Pour Snyder, dans 90% des cas, le rêve est un récit détaillé et clair, cohérent et réaliste. Cependant, les événements extraordinaires surprenants, ou mettant en jeu la survie de l’individu ,sont des éléments forts qui facilitent le stockage en mémoire. Il est donc très probable que nous mémorisions beaucoup mieux ce type de rêves, même s’ils ne représentent qu’une quantité négligeable de notre activité onirique.

Certains facteurs extérieurs sont-ils néfastes aux rêves ?
Le contenu des rêves peut probablement être modifié par des médicaments ou des substances qui interagissent sur les structures cérébralesgénératrices des rêves. Certains médicaments comme les benzodiazépines (dont les somnifères) peuvent donner un contenu plus désagréable à nos rêves.
D’autres médicaments au contraire, sembleraient favoriser les rêves, tout comme le tabac ou la grossesse. Mais les expériences conduites pour favoriser les rêves par des stimulations, n’ont pas démontré le rôle des facteurs externes.

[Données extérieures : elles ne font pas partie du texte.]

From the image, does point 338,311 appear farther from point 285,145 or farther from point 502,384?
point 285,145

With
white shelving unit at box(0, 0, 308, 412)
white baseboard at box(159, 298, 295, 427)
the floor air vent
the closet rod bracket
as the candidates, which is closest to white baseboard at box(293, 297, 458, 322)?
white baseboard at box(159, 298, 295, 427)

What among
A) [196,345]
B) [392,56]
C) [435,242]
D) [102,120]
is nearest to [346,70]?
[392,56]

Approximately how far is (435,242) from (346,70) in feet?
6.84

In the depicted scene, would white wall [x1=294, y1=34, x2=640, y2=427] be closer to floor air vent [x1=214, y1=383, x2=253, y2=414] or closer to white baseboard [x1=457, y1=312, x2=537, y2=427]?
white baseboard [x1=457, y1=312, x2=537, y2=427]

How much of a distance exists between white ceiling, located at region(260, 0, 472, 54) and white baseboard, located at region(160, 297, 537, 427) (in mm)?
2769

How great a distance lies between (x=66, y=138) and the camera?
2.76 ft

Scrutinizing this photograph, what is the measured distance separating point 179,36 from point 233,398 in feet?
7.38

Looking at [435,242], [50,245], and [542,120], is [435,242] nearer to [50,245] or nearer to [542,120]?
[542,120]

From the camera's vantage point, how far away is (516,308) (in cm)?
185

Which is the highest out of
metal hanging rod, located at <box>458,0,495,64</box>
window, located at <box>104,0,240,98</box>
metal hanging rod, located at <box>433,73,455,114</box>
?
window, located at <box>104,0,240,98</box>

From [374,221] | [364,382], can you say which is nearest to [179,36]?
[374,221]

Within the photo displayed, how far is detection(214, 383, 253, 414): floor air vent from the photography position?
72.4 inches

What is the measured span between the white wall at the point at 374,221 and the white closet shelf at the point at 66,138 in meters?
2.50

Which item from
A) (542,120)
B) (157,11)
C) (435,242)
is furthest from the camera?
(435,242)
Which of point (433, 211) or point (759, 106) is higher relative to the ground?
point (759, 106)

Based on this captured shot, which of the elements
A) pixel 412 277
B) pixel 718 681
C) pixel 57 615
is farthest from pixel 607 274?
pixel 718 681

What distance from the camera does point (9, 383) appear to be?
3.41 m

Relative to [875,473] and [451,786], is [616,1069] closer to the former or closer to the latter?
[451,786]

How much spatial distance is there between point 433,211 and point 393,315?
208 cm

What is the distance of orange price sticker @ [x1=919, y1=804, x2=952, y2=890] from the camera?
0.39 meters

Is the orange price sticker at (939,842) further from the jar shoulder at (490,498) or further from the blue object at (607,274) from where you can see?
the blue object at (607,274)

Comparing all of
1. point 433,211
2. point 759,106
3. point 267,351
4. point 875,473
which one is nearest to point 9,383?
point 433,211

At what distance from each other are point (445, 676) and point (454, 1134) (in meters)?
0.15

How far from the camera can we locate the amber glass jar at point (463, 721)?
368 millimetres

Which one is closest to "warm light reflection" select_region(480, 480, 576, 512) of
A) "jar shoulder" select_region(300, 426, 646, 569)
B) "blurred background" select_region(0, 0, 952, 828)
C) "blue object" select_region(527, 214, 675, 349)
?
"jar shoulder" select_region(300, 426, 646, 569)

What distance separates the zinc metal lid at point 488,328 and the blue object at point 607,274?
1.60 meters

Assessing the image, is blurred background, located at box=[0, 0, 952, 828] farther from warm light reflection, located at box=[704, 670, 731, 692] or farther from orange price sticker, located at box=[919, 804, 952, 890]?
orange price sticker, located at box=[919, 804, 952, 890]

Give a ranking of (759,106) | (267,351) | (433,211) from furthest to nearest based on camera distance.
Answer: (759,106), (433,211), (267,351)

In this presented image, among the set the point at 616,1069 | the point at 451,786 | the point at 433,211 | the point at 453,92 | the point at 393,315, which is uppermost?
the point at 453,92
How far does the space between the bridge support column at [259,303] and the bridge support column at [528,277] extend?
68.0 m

Il s’agit plutôt d'expériences individuelles, et les données scientifiques manquent pour valider ces impressions.

Que faire si un individu est en proie à des cauchemars quotidiens ?
Les cauchemars surviennent souvent immédiatement après un traumatisme psychique ou physique. Certains médicaments facilitent la survenue de cauchemars, en particulier ceux qui agissent sur certains neurotransmetteurs comme la sérotonine, la noradrénaline, et la dopamine. La majorité de ces médicaments sont des antidépresseurs, des antihypertenseurs, et des médicaments mimant l’action de la dopamine.

Des cauchemars trop fréquents et difficiles à gérer sur le plan psychique, devraient conduire à une consultation. Ils pourraient traduire une difficulté passagère ou chronique en lien avec des facteurs de stress ou d’anxiété qu’il faudra également savoir détecter.
Les cauchemars amènent rarement à un traitement médicamenteux, et dans l’extrême majorité des cas, il s’agit de rassurer les patients et associer parfois une psychothérapie.